■ WHAT YOU WILL DO
For the listing below, return the line containing "Oldsmobile-Cutlass-1981-Coupe-9", the line containing "8a Mostra Internacional", and all lines in between, exactly as written and nothing else.

■ INPUT FOR THIS TASK

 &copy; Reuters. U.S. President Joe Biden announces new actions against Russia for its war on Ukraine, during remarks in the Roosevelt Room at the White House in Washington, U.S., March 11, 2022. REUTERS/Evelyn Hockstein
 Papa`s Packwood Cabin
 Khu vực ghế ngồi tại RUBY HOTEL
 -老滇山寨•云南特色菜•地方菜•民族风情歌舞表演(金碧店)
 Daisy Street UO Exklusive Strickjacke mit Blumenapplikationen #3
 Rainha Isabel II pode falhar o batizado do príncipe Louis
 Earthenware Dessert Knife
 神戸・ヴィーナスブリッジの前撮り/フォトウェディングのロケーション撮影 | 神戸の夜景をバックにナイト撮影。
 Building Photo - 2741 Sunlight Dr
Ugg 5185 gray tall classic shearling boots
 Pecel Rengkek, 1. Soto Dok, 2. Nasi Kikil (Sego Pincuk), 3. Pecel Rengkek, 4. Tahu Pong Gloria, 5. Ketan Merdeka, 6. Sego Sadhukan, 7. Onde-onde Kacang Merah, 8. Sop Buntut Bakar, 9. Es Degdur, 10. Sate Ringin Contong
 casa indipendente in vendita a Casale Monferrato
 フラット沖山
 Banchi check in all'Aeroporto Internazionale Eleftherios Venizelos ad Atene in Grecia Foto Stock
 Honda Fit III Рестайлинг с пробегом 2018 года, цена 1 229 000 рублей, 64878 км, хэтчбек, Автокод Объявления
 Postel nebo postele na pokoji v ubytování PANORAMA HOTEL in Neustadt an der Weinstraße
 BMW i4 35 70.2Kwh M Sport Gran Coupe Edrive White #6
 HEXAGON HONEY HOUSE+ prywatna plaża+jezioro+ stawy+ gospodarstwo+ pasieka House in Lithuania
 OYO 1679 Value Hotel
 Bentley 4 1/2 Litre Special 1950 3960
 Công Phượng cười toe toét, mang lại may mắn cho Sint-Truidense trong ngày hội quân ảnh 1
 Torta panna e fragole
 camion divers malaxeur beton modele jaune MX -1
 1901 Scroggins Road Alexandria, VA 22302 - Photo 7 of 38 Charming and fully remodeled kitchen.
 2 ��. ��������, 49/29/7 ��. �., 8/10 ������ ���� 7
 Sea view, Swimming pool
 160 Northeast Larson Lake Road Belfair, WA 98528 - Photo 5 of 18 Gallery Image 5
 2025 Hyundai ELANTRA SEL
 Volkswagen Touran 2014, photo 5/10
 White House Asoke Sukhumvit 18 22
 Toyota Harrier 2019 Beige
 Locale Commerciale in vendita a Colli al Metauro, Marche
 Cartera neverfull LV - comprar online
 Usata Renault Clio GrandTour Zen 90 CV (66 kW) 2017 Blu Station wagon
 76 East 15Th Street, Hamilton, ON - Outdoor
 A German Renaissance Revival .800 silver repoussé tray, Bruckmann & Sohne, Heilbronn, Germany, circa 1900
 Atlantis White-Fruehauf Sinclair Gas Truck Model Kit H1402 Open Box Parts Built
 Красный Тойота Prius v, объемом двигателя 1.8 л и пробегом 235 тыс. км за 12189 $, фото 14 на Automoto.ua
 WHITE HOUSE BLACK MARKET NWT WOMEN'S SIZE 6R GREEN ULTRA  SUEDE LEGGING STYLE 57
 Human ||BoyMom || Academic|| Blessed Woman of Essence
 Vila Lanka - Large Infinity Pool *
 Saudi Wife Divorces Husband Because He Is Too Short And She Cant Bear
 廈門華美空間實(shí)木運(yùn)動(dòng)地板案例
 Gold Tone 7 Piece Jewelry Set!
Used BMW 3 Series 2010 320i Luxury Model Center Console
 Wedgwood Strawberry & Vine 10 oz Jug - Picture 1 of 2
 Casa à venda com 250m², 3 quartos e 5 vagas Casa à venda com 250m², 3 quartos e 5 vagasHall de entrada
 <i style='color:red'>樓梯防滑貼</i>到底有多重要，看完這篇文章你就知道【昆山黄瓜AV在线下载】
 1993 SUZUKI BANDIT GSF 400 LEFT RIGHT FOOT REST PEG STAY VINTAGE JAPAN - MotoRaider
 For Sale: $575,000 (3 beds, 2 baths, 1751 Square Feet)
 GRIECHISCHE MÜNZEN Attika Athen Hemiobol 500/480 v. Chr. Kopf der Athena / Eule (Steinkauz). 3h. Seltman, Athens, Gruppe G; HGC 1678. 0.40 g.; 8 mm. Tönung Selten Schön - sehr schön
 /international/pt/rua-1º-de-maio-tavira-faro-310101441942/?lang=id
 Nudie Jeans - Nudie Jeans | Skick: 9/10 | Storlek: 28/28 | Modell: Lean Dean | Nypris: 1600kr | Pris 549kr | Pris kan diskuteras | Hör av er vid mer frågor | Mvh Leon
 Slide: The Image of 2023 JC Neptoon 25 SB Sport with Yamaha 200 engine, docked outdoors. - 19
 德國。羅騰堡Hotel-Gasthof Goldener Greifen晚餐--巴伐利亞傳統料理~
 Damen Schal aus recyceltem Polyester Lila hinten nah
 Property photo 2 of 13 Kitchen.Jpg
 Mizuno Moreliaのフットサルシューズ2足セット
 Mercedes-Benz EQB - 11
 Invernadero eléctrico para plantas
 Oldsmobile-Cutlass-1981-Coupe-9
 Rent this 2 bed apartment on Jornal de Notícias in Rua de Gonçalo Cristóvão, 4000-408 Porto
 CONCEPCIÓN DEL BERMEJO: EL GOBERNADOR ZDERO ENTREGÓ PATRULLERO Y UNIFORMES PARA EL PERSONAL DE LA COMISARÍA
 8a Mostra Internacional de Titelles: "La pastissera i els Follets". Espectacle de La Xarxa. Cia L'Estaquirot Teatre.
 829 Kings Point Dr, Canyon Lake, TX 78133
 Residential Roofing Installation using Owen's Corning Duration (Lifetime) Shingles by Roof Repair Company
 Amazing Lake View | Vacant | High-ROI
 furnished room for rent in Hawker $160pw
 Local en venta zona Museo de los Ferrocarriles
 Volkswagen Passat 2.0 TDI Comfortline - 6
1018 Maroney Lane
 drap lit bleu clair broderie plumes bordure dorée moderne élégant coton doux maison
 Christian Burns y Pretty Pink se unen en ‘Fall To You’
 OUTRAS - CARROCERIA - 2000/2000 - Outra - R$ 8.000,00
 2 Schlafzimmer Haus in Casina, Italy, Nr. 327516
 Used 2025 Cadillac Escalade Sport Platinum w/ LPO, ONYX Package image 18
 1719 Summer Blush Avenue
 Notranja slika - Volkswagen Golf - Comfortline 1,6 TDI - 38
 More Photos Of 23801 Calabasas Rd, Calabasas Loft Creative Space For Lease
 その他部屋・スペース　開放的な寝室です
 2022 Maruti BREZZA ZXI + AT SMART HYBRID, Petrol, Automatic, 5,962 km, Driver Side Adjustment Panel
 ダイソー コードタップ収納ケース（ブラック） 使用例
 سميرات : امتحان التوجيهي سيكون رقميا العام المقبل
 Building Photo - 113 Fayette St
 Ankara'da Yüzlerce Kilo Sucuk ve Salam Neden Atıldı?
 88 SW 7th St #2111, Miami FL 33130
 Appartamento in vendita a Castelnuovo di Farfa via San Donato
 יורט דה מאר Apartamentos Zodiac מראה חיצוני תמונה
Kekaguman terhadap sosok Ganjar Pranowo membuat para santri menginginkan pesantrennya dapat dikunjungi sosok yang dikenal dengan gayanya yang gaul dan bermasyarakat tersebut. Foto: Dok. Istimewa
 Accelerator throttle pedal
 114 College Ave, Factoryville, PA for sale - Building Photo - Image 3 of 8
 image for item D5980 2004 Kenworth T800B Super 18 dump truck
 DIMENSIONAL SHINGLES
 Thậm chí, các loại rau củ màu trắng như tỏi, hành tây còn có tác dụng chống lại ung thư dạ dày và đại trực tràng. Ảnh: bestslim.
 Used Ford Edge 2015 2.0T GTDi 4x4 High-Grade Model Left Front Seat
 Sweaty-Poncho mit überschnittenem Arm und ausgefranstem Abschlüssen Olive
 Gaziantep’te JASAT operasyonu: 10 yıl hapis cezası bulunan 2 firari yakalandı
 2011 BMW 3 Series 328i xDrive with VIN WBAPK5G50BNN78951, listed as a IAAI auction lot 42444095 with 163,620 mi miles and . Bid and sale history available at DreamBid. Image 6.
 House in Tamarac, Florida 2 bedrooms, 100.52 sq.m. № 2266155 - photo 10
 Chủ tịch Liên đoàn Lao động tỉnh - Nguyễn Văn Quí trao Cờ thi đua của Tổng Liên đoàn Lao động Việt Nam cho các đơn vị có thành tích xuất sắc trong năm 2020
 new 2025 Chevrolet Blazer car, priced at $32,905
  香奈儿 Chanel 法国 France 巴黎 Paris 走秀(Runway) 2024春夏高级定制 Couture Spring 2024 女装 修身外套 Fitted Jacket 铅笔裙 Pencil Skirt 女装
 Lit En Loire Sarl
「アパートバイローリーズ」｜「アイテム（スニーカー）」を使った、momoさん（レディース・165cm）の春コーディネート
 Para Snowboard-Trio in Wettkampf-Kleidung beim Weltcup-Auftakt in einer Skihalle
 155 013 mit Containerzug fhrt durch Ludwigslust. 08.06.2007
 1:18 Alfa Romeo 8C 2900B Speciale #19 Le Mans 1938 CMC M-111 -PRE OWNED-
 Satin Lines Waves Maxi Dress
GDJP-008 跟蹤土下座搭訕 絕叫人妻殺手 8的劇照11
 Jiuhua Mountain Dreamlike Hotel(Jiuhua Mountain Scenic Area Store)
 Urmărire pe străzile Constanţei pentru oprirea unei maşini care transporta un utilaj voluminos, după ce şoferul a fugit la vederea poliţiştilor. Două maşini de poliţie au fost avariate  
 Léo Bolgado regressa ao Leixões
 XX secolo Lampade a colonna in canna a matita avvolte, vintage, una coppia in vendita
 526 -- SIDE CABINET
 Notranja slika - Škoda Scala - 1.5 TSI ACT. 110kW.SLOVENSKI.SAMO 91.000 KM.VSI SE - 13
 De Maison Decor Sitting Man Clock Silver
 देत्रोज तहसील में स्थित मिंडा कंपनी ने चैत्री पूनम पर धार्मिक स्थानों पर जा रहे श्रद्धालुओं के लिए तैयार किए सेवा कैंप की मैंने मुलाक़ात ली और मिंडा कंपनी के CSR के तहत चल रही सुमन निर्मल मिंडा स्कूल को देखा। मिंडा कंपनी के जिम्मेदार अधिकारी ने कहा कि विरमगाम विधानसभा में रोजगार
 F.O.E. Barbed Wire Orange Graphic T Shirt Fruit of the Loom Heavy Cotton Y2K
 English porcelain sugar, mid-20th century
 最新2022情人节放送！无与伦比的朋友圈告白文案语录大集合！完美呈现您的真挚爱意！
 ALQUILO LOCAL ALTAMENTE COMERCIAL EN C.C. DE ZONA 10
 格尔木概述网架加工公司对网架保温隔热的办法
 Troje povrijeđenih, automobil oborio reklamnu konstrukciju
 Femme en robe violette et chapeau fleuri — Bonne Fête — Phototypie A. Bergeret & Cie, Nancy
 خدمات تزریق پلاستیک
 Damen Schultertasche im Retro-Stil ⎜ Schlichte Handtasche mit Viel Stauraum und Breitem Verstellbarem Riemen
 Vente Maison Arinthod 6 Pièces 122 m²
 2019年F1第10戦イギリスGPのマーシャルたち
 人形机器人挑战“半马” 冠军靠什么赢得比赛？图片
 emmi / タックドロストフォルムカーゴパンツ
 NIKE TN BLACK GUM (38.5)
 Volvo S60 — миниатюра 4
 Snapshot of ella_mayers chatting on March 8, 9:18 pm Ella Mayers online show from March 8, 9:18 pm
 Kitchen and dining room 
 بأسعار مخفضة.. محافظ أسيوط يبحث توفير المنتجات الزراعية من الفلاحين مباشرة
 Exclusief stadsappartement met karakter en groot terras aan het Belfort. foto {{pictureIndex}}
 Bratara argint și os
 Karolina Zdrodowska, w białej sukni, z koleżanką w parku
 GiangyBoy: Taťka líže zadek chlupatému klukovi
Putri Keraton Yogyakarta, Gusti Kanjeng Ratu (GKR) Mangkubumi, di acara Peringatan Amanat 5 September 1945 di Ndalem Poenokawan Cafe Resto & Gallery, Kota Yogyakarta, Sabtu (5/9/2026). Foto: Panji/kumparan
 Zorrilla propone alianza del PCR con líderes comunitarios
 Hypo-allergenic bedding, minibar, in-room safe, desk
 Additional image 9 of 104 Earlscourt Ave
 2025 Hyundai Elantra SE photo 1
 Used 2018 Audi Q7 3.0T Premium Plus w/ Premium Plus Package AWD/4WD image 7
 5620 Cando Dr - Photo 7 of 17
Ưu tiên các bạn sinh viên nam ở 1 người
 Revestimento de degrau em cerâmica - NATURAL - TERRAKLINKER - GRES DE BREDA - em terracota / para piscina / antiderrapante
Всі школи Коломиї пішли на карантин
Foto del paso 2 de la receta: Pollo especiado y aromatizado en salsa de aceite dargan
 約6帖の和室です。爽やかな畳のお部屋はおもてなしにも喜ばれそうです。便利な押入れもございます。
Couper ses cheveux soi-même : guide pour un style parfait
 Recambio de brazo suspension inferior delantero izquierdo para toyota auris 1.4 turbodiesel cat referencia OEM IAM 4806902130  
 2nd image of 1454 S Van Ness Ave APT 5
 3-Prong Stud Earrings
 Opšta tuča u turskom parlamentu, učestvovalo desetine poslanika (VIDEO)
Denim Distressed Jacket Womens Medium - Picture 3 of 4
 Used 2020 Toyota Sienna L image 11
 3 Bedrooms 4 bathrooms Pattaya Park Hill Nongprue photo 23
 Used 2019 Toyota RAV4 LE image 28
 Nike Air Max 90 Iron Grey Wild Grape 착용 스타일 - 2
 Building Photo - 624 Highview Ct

■ OUTPUT FOR THIS TASK
 Oldsmobile-Cutlass-1981-Coupe-9
 Rent this 2 bed apartment on Jornal de Notícias in Rua de Gonçalo Cristóvão, 4000-408 Porto
 CONCEPCIÓN DEL BERMEJO: EL GOBERNADOR ZDERO ENTREGÓ PATRULLERO Y UNIFORMES PARA EL PERSONAL DE LA COMISARÍA
 8a Mostra Internacional de Titelles: "La pastissera i els Follets". Espectacle de La Xarxa. Cia L'Estaquirot Teatre.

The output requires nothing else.